「転職=逃げ」「一つの職場で長く続けることが大切」——そういった価値観は、リハビリ職の世界にも根強く残っています。
でも、本当にそうでしょうか。
急性期・回復期・老健・訪問——施設が変わると、経験できる疾患も、求められるアプローチも、携わる患者さんの状態も大きく変わります。転職は、専門職としての引き出しを増やすための選択肢の一つです。
施設が変わると、こんなに違う「経験」ができる
急性期病院
- ✓脳卒中・骨折・術後など多様な疾患に対応
- ✓医師・看護師との密な連携が求められる
- ✓短い在院期間で成果を出す評価力・計画力が身につく
回復期リハビリ病棟
- ✓ADL訓練・社会復帰に向けたリハビリが中心
- ✓多職種チームで長期的な目標を共有する経験
- ✓患者・家族への丁寧な関わりと退院支援のスキル
介護老人保健施設(老健)
- ✓高齢者の慢性疾患・認知症・廃用症候群への対応
- ✓維持期のリハビリで「その人らしい生活」を支える視点
- ✓在宅復帰・施設管理の両面からのマネジメント経験
訪問リハビリ
- ✓生活環境に合わせた個別対応力が問われる
- ✓家族への指導・環境調整など在宅支援の実践力
- ✓一人で判断する力・コミュニケーション力が大きく伸びる
※上記はPTを例にした一般的な傾向です。OT・STでも施設種別によって扱う疾患・アプローチの幅は大きく異なります。
一つの職場だけで経験を積むことのリスク
同じ施設で長く働くことには、「深い専門性」というメリットがあります。一方で、気づかないうちに視野が狭くなるリスクもあります。
急性期しか知らなければ、在宅生活の実態が見えにくい。訪問しか知らなければ、病院でのチームアプローチの感覚が薄れる。「自分の施設のやり方が正解」になりやすい環境は、長期的に見るとキャリアの幅を狭めてしまうことがあります。
複数の施設を経験したセラピストは、それぞれの視点を持ちながら患者さんに関われる。そういった「引き出しの多さ」は、専門職としての大きな強みになります。

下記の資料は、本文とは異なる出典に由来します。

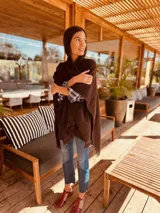 Ruana de lana merino color chocolate con flecos.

💡 「今の職場が合わない」は、転職のサインかもしれない
「もっとじっくり患者さんと関わりたい」「急性期よりも在宅支援に関心がある」「単位ノルマよりも質を追いたい」——こういった気持ちは、今の職場環境と自分のやりたいことが合っていないサインであることがあります。
それは「今の職場がダメ」ということではなく、「自分に合った環境が他にある」ということです。PT・OT・STが働ける施設は多様です。転職によって、今まで感じていたモヤモヤが解消されるケースは少なくありません。
転職を「キャリア設計の一手」として捉える
「同じ職場に長くいることが美徳」という価値観は、少しずつ変わってきています。特にリハビリ職の世界では、経験する施設・疾患・患者層の幅が、そのまま専門職としての価値につながります。
1つの職場で深める時期があってもいい。別の環境で視野を広げる時期があってもいい。転職は「辞める」ことではなく、「次のステージに進む」こととして捉えることができます。
自分がどんな専門職になりたいか——そのビジョンを持って、転職という選択肢を前向きに検討してみてください。